The measure liberalizing intercity bus services was part of a package of changes known as “Macron’s law,” which took effect in August 2015, more than a year before the former investment banker began his improbable bid for the Elysee Palace. Until then, the SNCFnational railroad had a grip on all domestic ground routes of more than 100 kilometers. Macron had initially sought to open up more areas of the economy bound by special rules, including notaries and pharmacists—with a law that some nicknamed “the omnibus”— but backed off after intense lobbying.
“Some people saw in the bus liberalization a signal for the beginning of a larger reform of competition law and protected corporate bodies,” said Ludovic Subran, chief economist at Euler Hermes in Paris. “This is what helped Macron gain stardom at the beginning, notably with foreign investors and the right.”
Many travelers are embracing the so-called Macron buses for their low fares. There were some 6.2 million passengers in 2016, and bookings climbed 25 percent in the first quarter of this year, according to the most recent figures from French regulator Arafer.
While that’s a fraction of the 100 million or so high-speed train passengers, the buses are forcing SNCF to offer deeper discounts, while also competing with car-sharing services like Comuto SA’s BlaBlaCar. The rapid increase in bus passengers—which could reach 25 million by 2030, according to France Strategie, a government group that conducts economic research—is occurring as the state-owned rail operator is already struggling with its debt and running two out of three high-speed trains at a loss.
Birth to Death
Yet the budding bus industry is hardly a miracle in the making. The sector employs about 2,100 people, according to France Strategie. That’s a fraction of the 22,000 jobs Macron predicted could be created by 2025.

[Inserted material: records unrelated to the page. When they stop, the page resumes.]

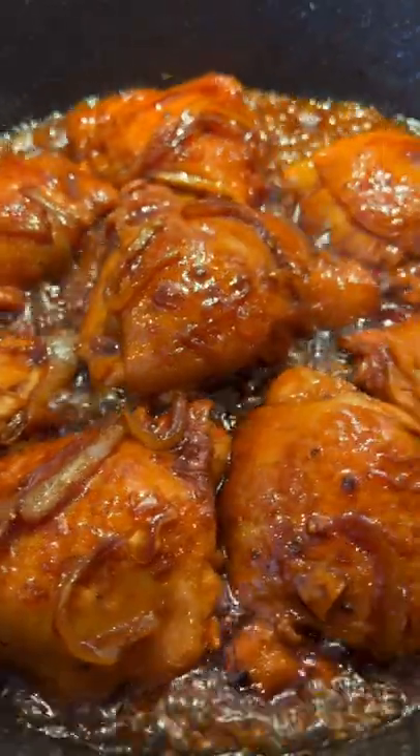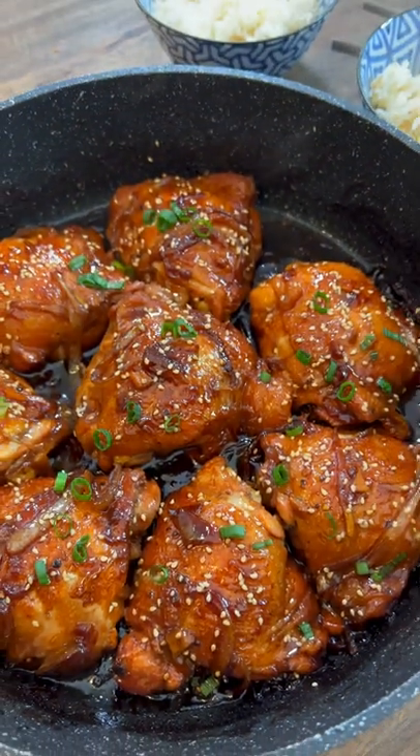Black pepper, oyster sauce, soy sauce, and the secret ingredient — we're gonna add in some coca-cola. Put the lid on and let it cook for 15 minutes. Turn the heat up to high and cook for another three to five minutes. Look at that!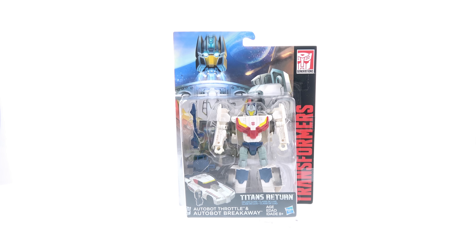Hey guys, thanks for tuning in, this is Optopotamus coming in with another video review. On today's episode we're going to be taking a look at the new Transformers Titans Return deluxe class Autobot Breakaway and Autobot Throttle. For the package, you got a really cool image of Breakaway with Throttle kind of detaching from him there on the back card.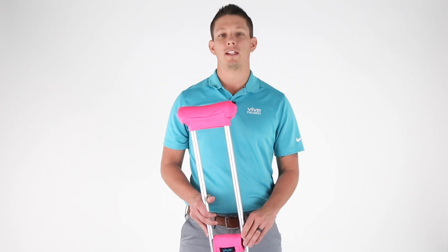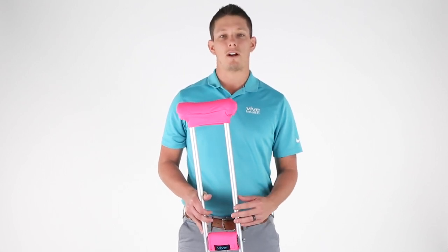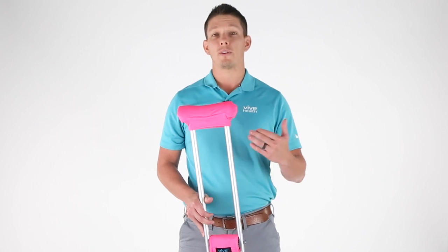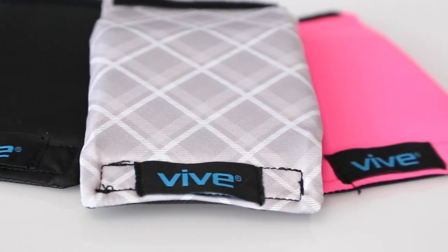Our pad is moisture wicking and helps quickly dissipate heat and can stay cool and dry. Our foam padding both under the arm and hands reduce pain points and fatigue. Also comes in various colors.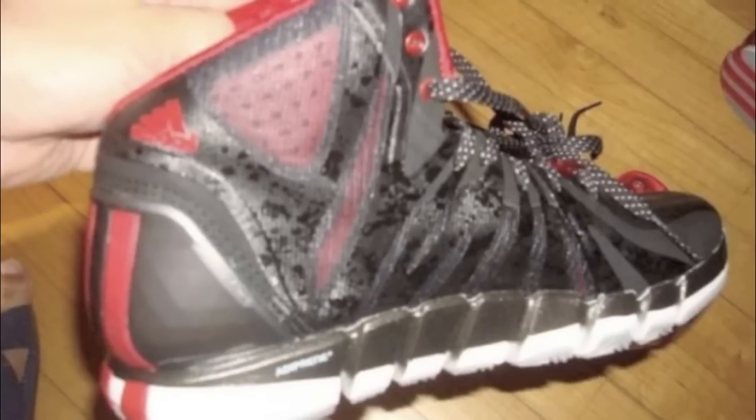Tell me your thoughts in the comments below — do you think this is a nice shoe? Do you think it's better than the four, or do you like the four more? Of course, you can't judge a shoe all by aesthetics, there is a performance aspect to it. But I'm not really a serious basketball player — I play about an hour after school outside, and soccer is my main sport.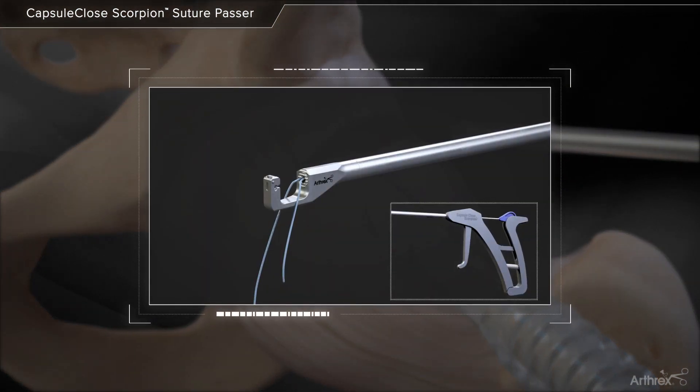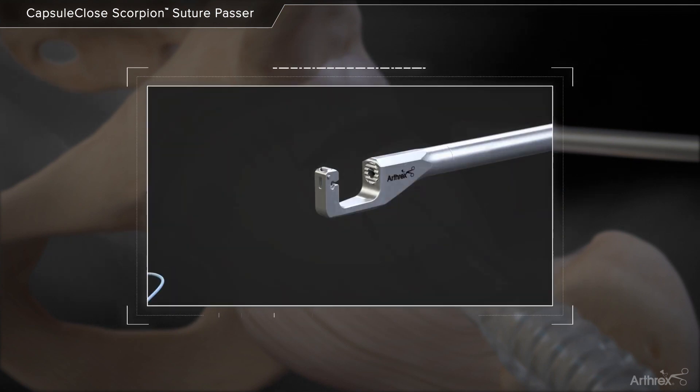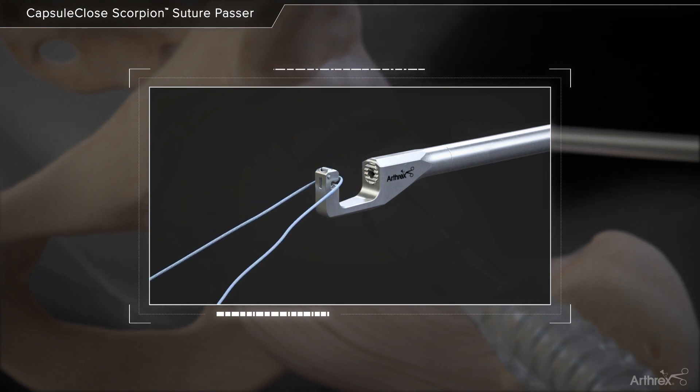To release the fiber wire suture from the needle, squeeze the rear handle until the needle advances. In preparing for the second pass through the capsule, load the opposite end of the fiber wire suture into the small slot as done previously.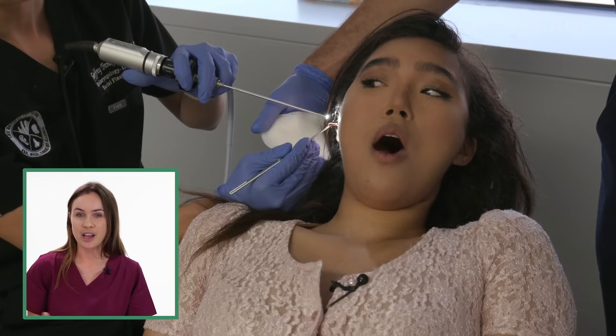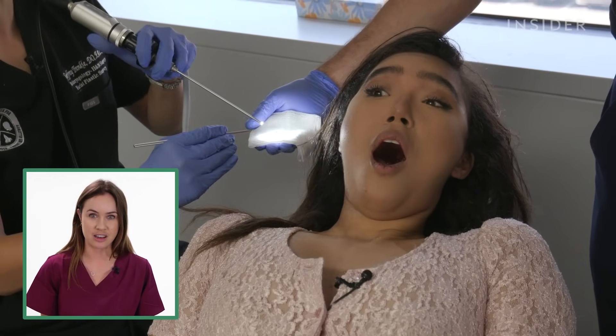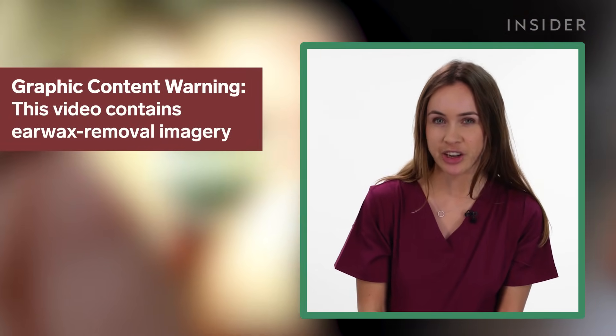Earwax is completely normal but it can become troublesome, and that's when you might want to consider a procedure like this one. I'm Katherine Shiesa-Bruce, a journalist and doctor working for Insider, and I'm going to watch some earwax removal videos.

The number of major bus service providers has already dwindled to three from five, and, in a strangely French twist, two of the survivors are government owned. None is profitable. In a country where long-distance services didn’t exist, there’s a lack of proper bus stations even in major cities like Paris.
Still, the turbulence Macron unleashed, leading to “the birth and death of new companies,” is a normal sign of free market competition, said Marc Ivaldi, a professor at the Toulouse School of Economics. “As for whether this will be a symbol of Emmanuel Macron’s approach, I don’t know.”

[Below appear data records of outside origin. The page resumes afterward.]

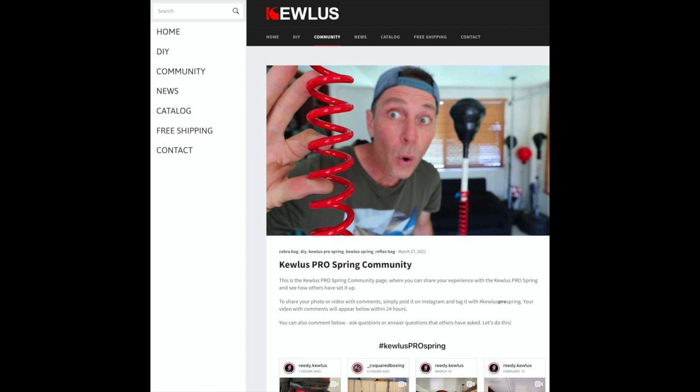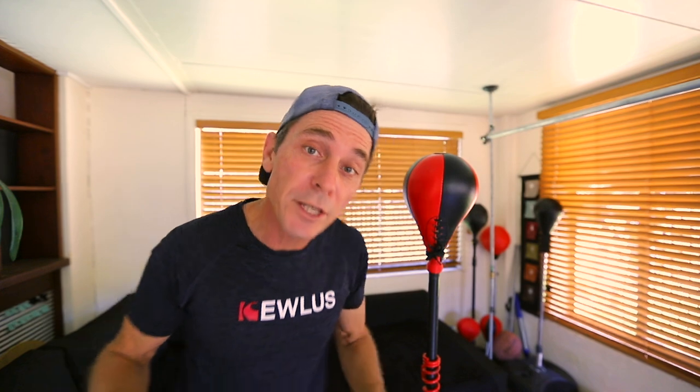Head over to Qless.com and you'll see a community tab in there — it's in the menu items if you're going on your mobile phone. Once you get in there, you'll see a dedicated page for the Qless Pro Spring, and in there are already lots of community videos that you can look at. So come on guys, let's start sharing ideas, let's help each other, let's do this.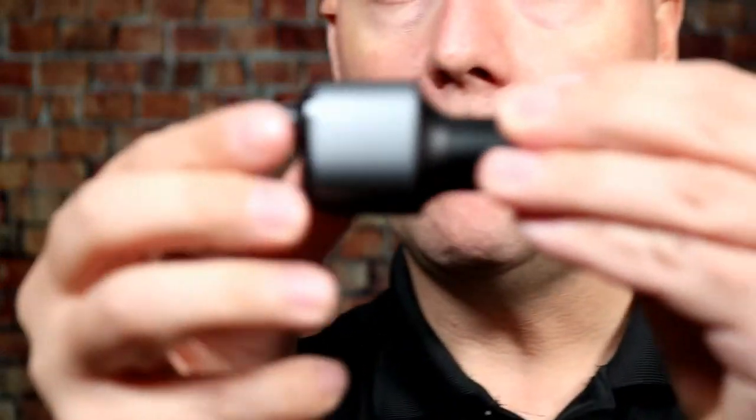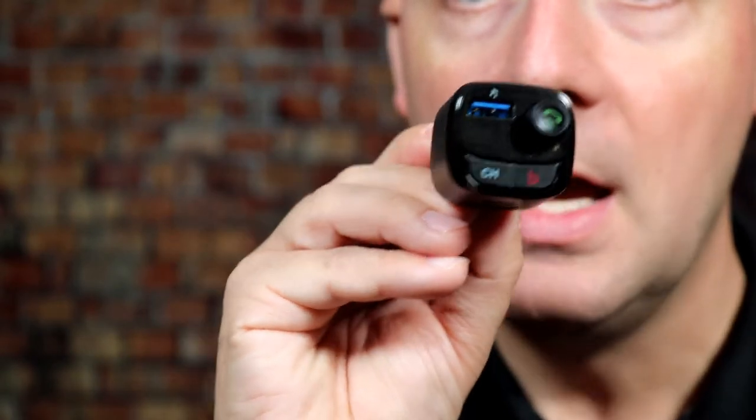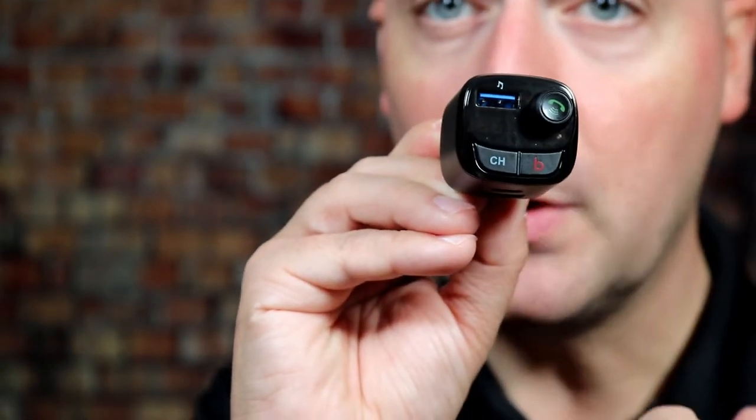A few things about this FM transmitter — number one, it's very tiny. It sticks up just a little bit out of your car and works very well. There is a channel button you click to adjust and pick the FM frequency you want. There's also a bass boost, so if you want more bass out of your music, you can tap that to enable it.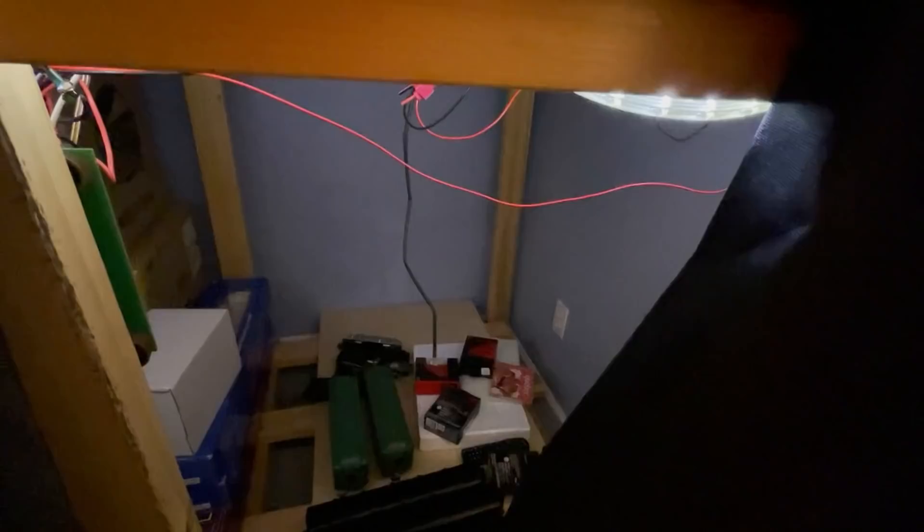Let me turn on the light in here so you can see it a little better. There we go. So that's the space — it's quite a bit larger than the space I'm using for those triple storage racks, so this will be able to store quite a lot more cars.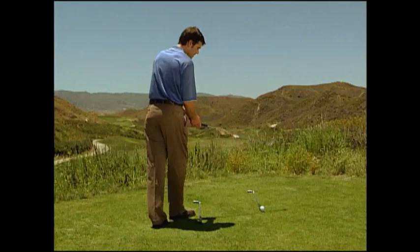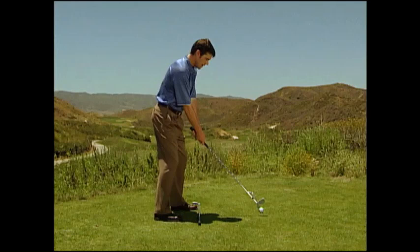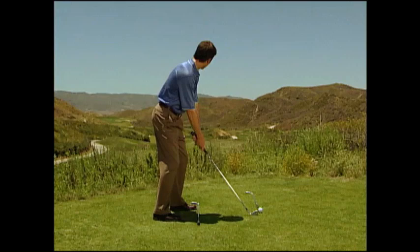Why many players misalign themselves is they come into the shot from their pre-shot routine and set their feet first. More often than not, they're usually misaligned. Then they put the clubface down and then their eyes look back across to where they want to hit the ball. Not many good things can happen from here.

The largest and only private bus operator is Flixbus, which is based in Munich and was founded in 2013 when Germany deregulated its own market. Next is Ouibus, owned by SNCF. And third is Isilines, a unit of Transdev, which is controlled by state holding company Caisse des Depots et Consignations.
Flixbus and Isilines say they expect to be profitable in 2018, and Ouibus in 2019. To make that happen, they’ve been raising prices and further increases are likely. Flixbus and Isilines don’t own their own fleets, but rather provide booking and after-sale services and work with local bus companies.

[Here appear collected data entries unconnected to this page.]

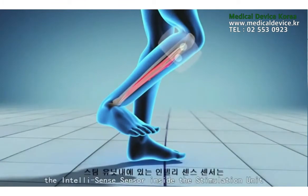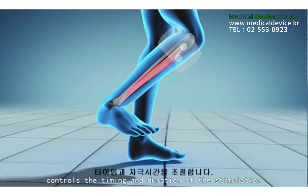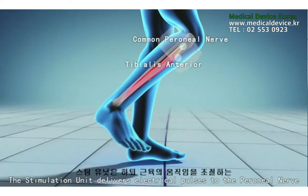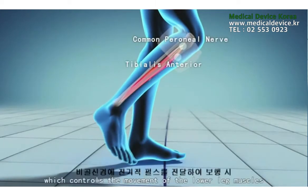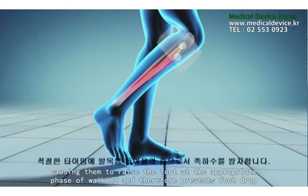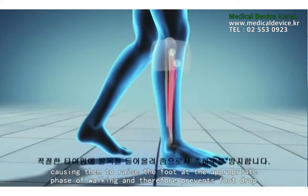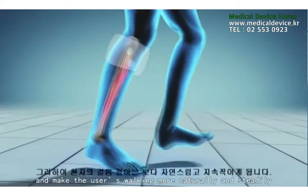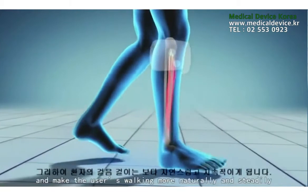The IntelliSense sensor inside the stimulation unit controls the timing and duration of the stimulation. The stimulation unit delivers electrical pulses to the peroneal nerve, which controls the movement of the lower leg muscles, causing them to raise the foot at the appropriate phase of walking. This therefore prevents foot drop and makes the user's walking more natural and steady.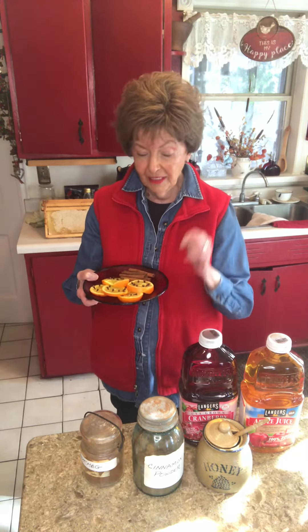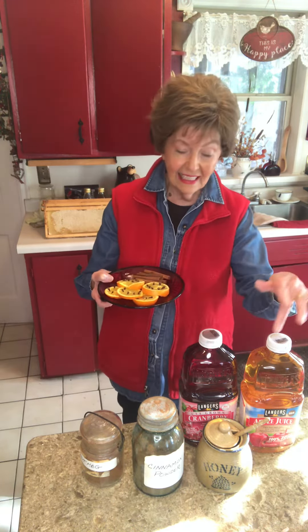I put in cinnamon — probably a teaspoon or so of cinnamon — about a half a cup of honey, and then maybe a teaspoon of nutmeg. And I put that all in a big pot.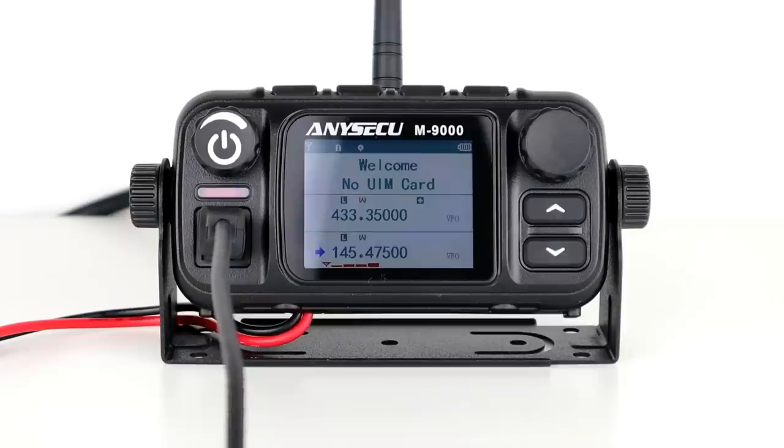On the VHF frequency, Chris mentions something appearing on his screen — PAG then PIN on his FT-1. I haven't used one of those so I can't help, but Chris is 5-9 to me with really nice audio. He confirms I'm also 5-9 on VHF. I tell him I love this little radio and I'm well impressed. Chris confirms Q5, full scale on his signal meter.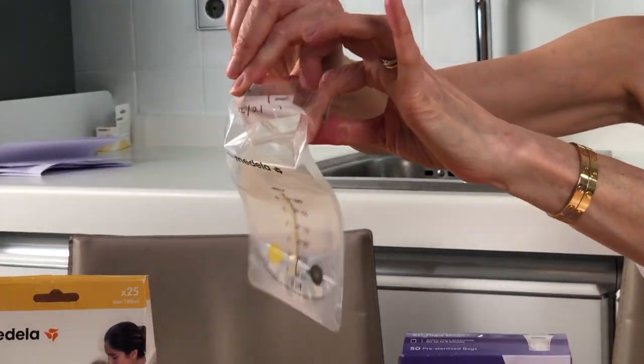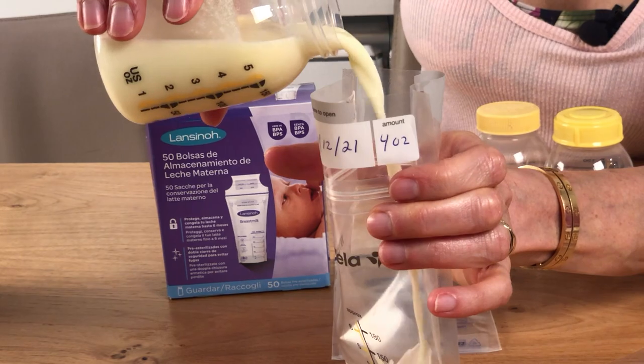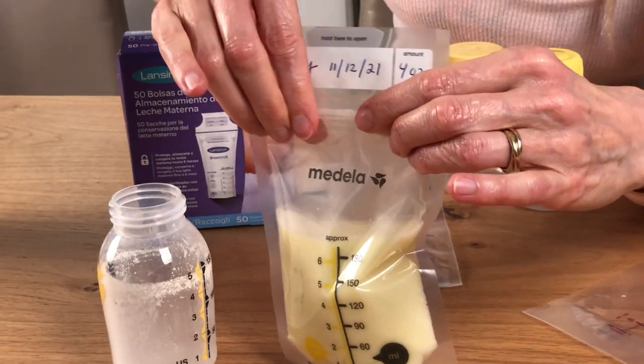You then wash your hands very thoroughly. You open the bag like this, you pour in the milk, you seal the bag, and you put it in the freezer with the other bags from that time period — that week — so that you can find them easily. So that's how you freeze the milk.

“It’s a weak margin business,” said Yvan Lefranc-Morin, the head of Flixbus France, who added that “overall, we are very satisfied that the market developed so quickly.” Bookings increased 80 percent in the first half of 2017, he said. “I hope Macron’s future reforms will be driven by the same philosophy and really open the markets.”
Recent actions by the government have cast doubt on how far Macron will go in liberalizing the economy and breaking with France’s tradition of dirigisme. The new president twisted the arms of automakers PSA Group and Renault SA to save a struggling car-parts maker and decided to nationalize the 155-year-old STX France shipyard, at least temporarily, toprevent Italy from gaining control.
If the bus reform is any indication of the future, Macron’s changes may be more piecemeal than sweeping. “He’s understood that France is ready for reforms, but that it should be done in a homoeopathic dose rather than electroshock,” said Subran.
Thiebaut and her fellow bus passengers aren’t in a rush. The ride to Reims—with air conditioning, reclining seats and wifi—took about 2 hours, compared with 50 minutes by rail. Although buses are often half empty, this one was packed. “It’s a good deal and I’ve met interesting people,” she said.